Aerial refueling is a process of transferring fuel from one aircraft (the tanker airplane or the refueling airplane) to another airplane (the receiving airplane) during flight. The procedure allows the receiving aircraft to remain airborne longer, extending its range or loiter time on station.
Refueling airplanes can either be originally manufactured as refueling planes (i.e. the original purpose of the airplane is to serve as a refueling airplane), or alternatively, be converted from an existing airplane originally intended to serve a different purpose, e.g. a passenger airplane.
An example of a refueling airplane that is originally manufactured as a refueling airplane is the military aerial refueling and strategic transport aircraft Boeing KC-767 developed by Boeing from its B767-200 jet airliner.
An example of a refueling airplane converted from a passenger airplane is the B767 Multi-Mission Tanker Transport (MMTT) that was converted by Israel Aerospace Industries from secondhand B767-200ER airplane.
A known parameter related to the take-off and the landing attitudes of airplanes is a tail-strike pitch attitude that is defined as a critical attitude between a longitudinal axis of the airplane and the ground line, at which the tail section of the airplane contacts and strikes the ground. Such a strike can happen if the attitude of the airplane is equal to or above the tail-strike pitch attitude during take-off or landing of the airplane. Therefore, when operating the airplane during take-off or landing, the pilot has to pay attention that the attitude of the airplane is below the tail-strike pitch attitude, so as to prevent a tail-strike event.
Tail strike is an aviation term that describes an event in which the rear end of an aircraft strikes the runway. This can happen during takeoff of an affixed-wing aircraft if the pilot pulls up too rapidly, leading to the tail of the airplane's body touching the runway. It can also occur during landing if the pilot raises the nose too aggressively.
FIG. 1A illustrates a typical take-off procedure of an airplane, and FIG. 1B illustrates a table including data taken from flight manuals of different airplane models such as: B767-200, B767-300 and B767-400, and their corresponding flight parameters, such as: Liftoff Attitude, Minimum tail clearance and Tail Strike Pitch Attitude (discussed above). The Liftoff Attitude is the preferred attitude of the airplane at which the airplane should take-off, and the Minimal Tail Clearance, which is shown in FIG. 2B, is the minimal distance between the lowermost point of the airplane's tail section and the ground during take-off. A tail clearance below the minimum tail clearance can result in tail-strike.
In order to prevent tail-strikes during take-off of the airplane, the pilot has to follow flight performance and operation procedures related to parameters such as: a pitch rate, a decision speed (V1), rotation speed (VR) and a take-off speed (VLOF). The pitch rate is the rate at which the yoke of the airplane is pulled.

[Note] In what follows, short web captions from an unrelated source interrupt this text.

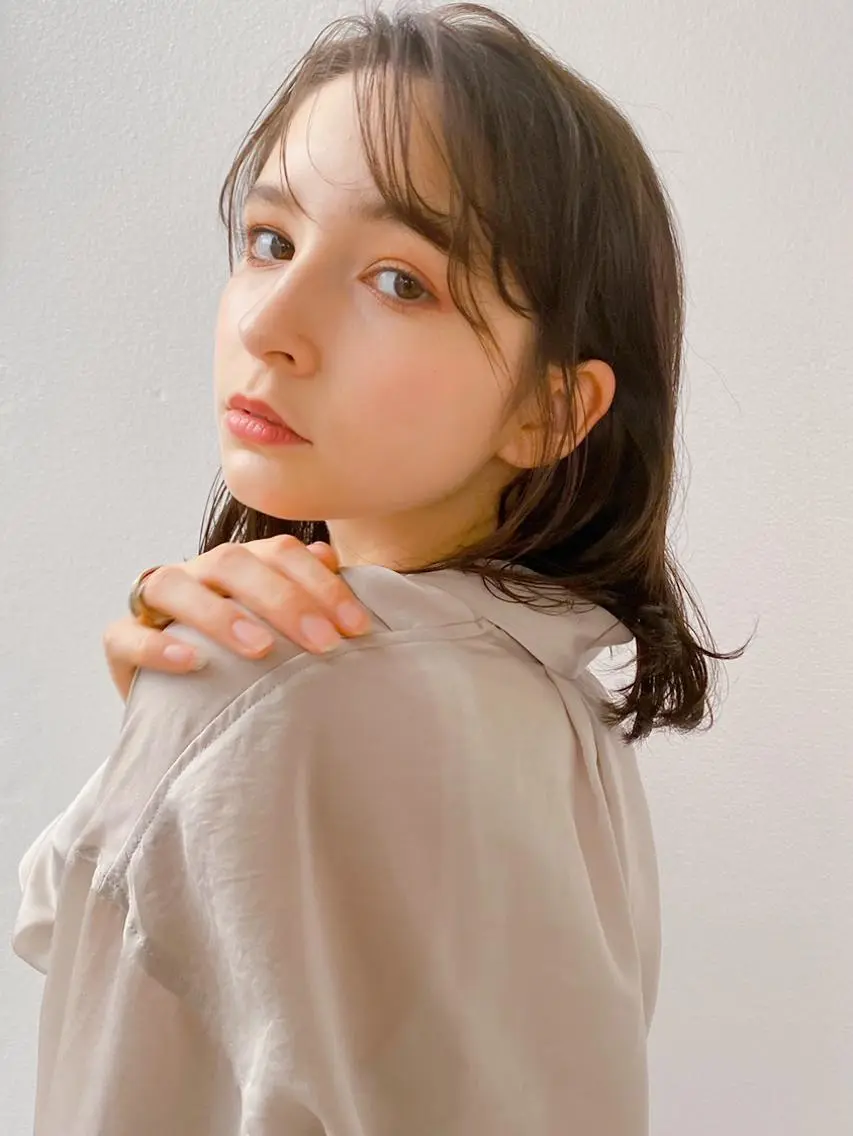 ミディアム カラー パーマ ヘアアレンジ メンズ キッズ ネイル マツエク・マツパ カット ヘアカラー モリモト サナのヘアスタイル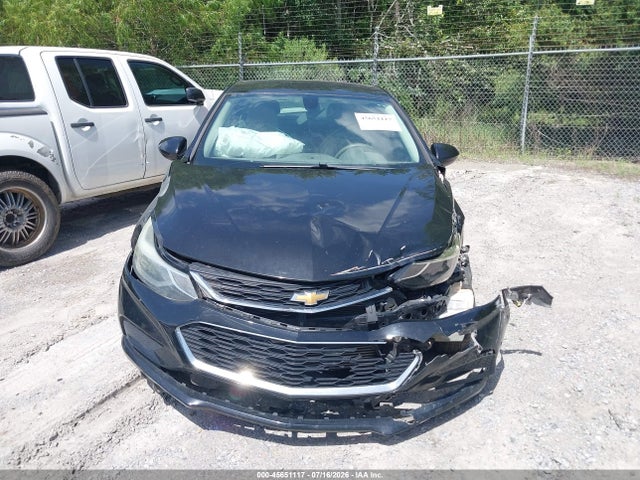 45651117 :رقم المزاد ، 1G1BE5SM5J7136679 vin ، 2018 Chevrolet Cruze Lt Auto مزاد بيع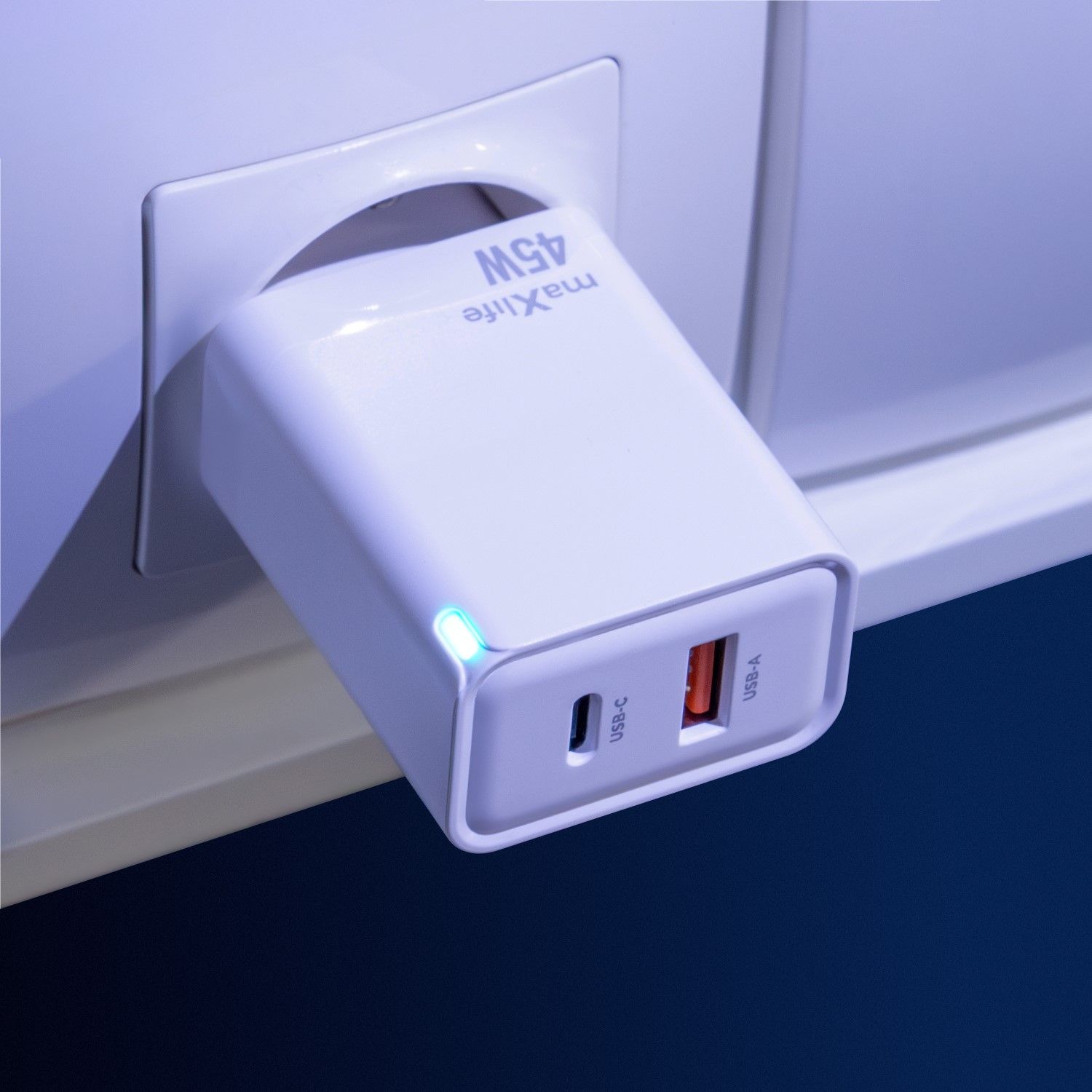 Maxlife MXTC-09-45AC GaN USB-C + USB hálózati töltő – 45W, fehér – 2. kép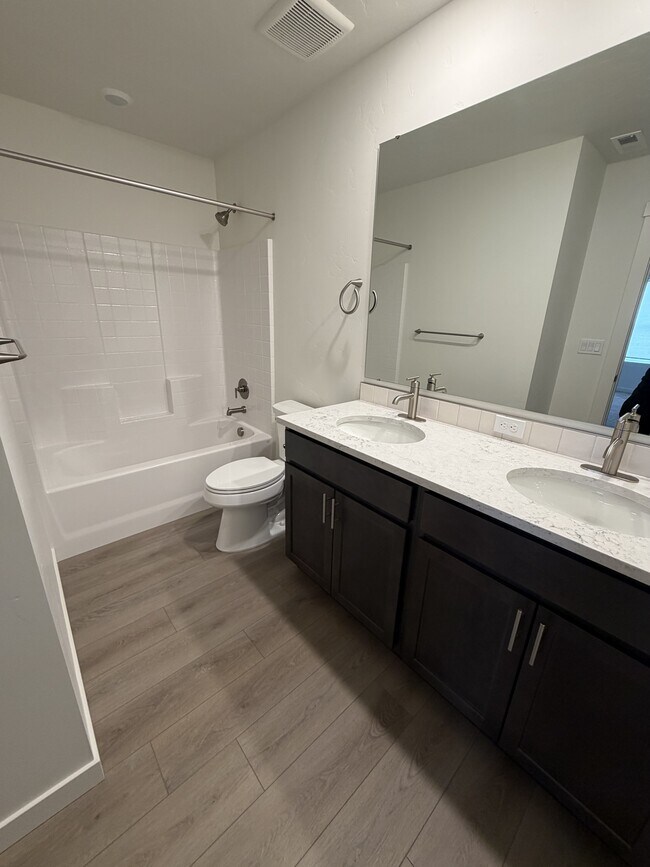 Building Photo - 1578 S La Escalera Ave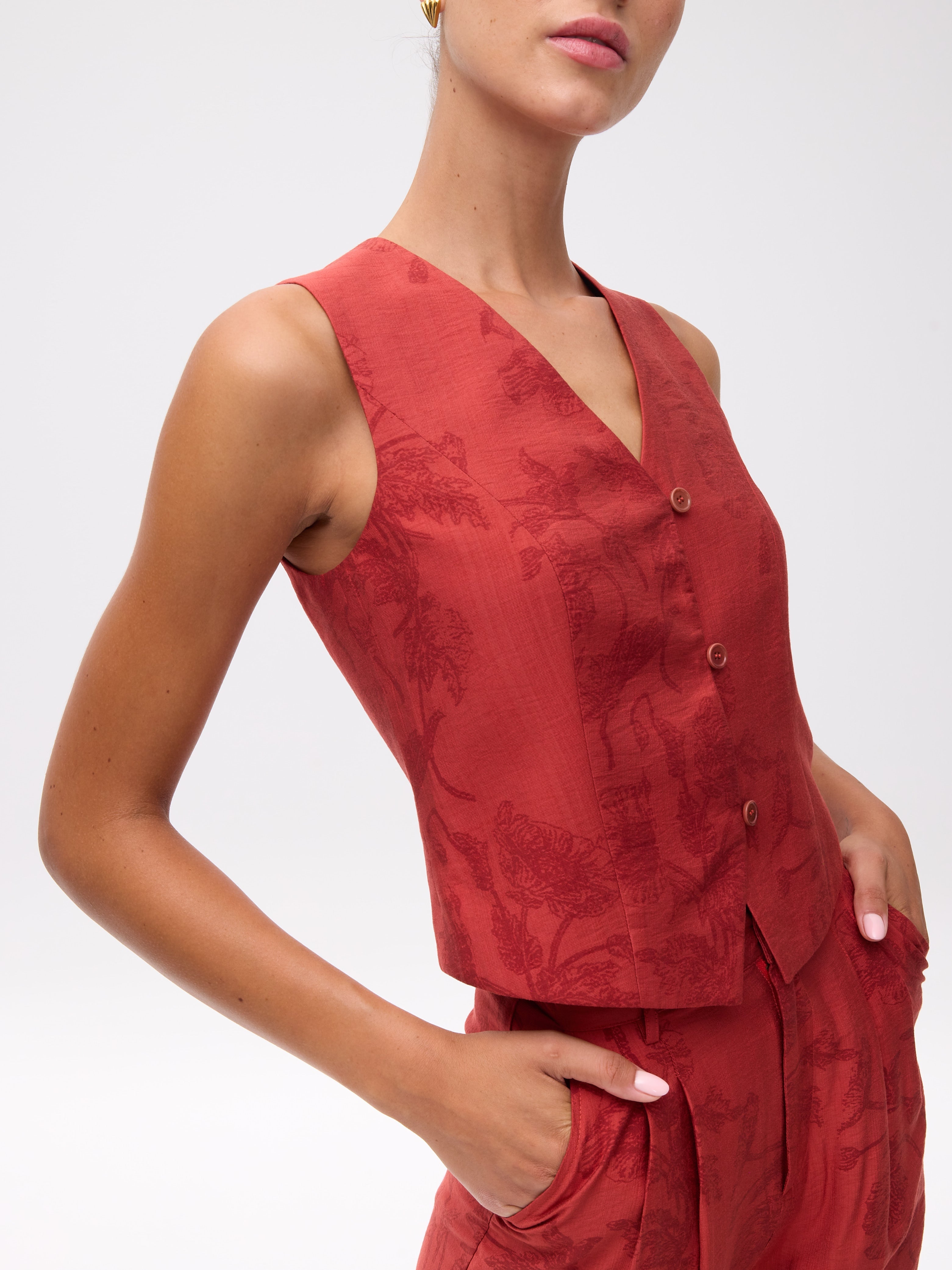 MONTESCO VEST - Chaleco tela floral botánica, para invitadas de boda, fiesta y eventos de primvera y verano. MIOH es la marca española de vestidos de fiesta para invitadas de boda más de moda en España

The decision speed (V1) is a calibrated airspeed on the ground at which, as a result of engine failure or other reasons, the pilot assumed to have made a decision to continue or discontinue the takeoff. The rotation speed (VR) is the speed at which the aircraft's nosewheel leaves the ground. The take-off speed (VLOF) is the speed of the airplane at which it leaves the ground. By following the flight performance and operation instructions, the values of the Liftoff Attitude, the Minimal Tail Clearance, and Tail Strike Pitch Attitude can be controlled, and a tail-strike can be prevented accordingly.